──────── Data records ────────

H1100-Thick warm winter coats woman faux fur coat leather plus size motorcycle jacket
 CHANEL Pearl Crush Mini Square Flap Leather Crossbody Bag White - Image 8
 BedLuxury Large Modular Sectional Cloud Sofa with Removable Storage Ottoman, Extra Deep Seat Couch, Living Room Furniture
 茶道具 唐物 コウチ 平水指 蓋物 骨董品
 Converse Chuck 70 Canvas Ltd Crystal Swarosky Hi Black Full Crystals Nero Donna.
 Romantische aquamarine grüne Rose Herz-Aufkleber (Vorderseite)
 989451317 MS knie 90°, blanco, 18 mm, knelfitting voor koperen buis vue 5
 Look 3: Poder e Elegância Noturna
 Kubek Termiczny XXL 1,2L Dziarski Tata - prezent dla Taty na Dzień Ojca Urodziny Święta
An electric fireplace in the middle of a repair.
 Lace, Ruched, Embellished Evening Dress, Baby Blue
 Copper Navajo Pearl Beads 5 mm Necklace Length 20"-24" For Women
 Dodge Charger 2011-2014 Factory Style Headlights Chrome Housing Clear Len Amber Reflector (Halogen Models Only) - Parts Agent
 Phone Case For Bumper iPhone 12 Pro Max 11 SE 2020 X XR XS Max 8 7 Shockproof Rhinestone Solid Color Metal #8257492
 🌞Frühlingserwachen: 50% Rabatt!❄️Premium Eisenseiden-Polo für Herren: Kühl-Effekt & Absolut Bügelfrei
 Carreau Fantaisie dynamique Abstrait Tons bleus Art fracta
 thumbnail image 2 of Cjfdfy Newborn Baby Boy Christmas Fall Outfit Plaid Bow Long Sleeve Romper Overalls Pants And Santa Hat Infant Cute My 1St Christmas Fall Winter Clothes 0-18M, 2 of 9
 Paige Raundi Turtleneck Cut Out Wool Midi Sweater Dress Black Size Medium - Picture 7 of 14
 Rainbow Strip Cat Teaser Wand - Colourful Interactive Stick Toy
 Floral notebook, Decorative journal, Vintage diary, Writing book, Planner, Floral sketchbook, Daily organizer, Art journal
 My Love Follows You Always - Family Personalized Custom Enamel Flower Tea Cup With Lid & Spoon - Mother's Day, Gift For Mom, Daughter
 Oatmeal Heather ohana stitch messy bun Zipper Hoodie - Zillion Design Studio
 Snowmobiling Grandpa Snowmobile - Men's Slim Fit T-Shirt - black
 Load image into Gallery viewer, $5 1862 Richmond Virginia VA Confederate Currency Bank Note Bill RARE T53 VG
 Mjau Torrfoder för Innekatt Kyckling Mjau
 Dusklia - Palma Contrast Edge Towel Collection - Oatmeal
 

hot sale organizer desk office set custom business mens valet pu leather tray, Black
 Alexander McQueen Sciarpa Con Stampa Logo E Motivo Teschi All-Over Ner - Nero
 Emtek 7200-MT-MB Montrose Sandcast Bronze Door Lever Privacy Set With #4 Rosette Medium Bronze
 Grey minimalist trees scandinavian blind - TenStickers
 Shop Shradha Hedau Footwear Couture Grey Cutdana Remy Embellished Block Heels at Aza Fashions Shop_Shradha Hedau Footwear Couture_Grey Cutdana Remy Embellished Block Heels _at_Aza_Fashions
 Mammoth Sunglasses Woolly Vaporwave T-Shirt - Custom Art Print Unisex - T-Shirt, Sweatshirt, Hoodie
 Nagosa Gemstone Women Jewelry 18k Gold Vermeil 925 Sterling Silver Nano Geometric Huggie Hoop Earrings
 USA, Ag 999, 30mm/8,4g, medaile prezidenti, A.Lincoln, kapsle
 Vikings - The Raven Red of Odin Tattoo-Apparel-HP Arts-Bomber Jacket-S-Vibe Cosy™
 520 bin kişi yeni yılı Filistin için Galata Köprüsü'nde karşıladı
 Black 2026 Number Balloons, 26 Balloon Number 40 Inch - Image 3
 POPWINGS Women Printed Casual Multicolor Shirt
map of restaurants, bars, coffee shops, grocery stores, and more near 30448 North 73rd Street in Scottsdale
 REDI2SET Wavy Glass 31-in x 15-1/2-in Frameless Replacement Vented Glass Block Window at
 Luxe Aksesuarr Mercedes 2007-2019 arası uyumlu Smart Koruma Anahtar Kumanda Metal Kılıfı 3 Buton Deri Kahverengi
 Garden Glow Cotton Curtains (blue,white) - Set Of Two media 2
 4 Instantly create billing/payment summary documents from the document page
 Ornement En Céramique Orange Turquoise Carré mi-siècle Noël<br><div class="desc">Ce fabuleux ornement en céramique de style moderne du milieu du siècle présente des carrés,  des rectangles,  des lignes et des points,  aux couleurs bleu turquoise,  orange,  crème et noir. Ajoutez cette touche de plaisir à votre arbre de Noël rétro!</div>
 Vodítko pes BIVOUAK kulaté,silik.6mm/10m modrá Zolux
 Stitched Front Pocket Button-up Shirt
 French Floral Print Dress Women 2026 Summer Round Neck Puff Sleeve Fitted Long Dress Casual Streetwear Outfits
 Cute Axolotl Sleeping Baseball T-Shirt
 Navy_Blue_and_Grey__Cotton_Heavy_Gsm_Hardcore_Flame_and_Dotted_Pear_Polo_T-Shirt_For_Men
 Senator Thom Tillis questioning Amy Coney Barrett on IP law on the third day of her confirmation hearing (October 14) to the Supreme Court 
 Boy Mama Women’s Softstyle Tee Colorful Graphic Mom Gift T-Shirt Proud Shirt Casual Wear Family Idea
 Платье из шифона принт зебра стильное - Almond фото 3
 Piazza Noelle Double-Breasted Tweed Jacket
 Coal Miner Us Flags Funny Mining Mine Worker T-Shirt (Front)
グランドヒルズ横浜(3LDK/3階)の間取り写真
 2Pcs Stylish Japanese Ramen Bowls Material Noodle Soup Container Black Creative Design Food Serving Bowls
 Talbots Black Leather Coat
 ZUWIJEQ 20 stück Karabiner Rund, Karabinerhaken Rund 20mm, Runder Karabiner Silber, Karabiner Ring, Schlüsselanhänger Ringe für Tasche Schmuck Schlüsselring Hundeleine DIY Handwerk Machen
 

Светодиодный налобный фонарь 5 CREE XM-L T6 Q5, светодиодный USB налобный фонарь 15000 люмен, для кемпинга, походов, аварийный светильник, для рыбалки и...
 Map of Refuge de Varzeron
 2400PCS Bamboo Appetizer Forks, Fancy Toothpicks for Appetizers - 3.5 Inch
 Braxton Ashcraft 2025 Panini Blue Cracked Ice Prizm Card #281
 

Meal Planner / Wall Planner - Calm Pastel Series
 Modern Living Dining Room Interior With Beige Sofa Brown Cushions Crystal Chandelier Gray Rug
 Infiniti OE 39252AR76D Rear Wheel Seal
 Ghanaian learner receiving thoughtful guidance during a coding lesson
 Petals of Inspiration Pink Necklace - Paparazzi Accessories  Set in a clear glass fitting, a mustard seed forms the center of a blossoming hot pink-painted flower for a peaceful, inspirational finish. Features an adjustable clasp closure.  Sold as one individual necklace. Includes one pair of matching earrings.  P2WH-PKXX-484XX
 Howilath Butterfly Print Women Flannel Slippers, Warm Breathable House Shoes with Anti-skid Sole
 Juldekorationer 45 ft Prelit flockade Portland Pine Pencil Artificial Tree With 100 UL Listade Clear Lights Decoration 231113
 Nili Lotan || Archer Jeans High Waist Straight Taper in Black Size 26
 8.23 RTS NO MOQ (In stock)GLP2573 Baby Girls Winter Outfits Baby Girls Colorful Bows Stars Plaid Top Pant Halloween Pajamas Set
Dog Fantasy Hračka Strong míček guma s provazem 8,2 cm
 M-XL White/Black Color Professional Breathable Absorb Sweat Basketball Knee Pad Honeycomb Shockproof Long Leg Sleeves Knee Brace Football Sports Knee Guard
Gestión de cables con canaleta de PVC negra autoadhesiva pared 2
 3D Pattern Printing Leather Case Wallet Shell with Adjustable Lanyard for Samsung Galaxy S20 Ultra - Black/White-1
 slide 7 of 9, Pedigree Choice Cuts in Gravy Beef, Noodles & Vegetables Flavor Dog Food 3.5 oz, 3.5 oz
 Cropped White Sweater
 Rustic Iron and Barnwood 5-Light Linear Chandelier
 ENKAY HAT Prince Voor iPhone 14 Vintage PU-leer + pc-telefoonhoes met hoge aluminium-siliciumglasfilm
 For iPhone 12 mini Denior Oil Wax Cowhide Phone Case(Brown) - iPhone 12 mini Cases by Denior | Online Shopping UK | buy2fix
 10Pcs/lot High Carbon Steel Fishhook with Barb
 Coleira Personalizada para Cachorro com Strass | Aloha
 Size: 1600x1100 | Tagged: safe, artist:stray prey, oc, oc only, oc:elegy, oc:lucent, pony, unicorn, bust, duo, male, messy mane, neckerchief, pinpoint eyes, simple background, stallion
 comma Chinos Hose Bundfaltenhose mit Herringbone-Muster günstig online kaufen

────────

* Brief
Your answer should be a single number, which is the count of lines in the data above that include the word "iPhone".

* Finished task
3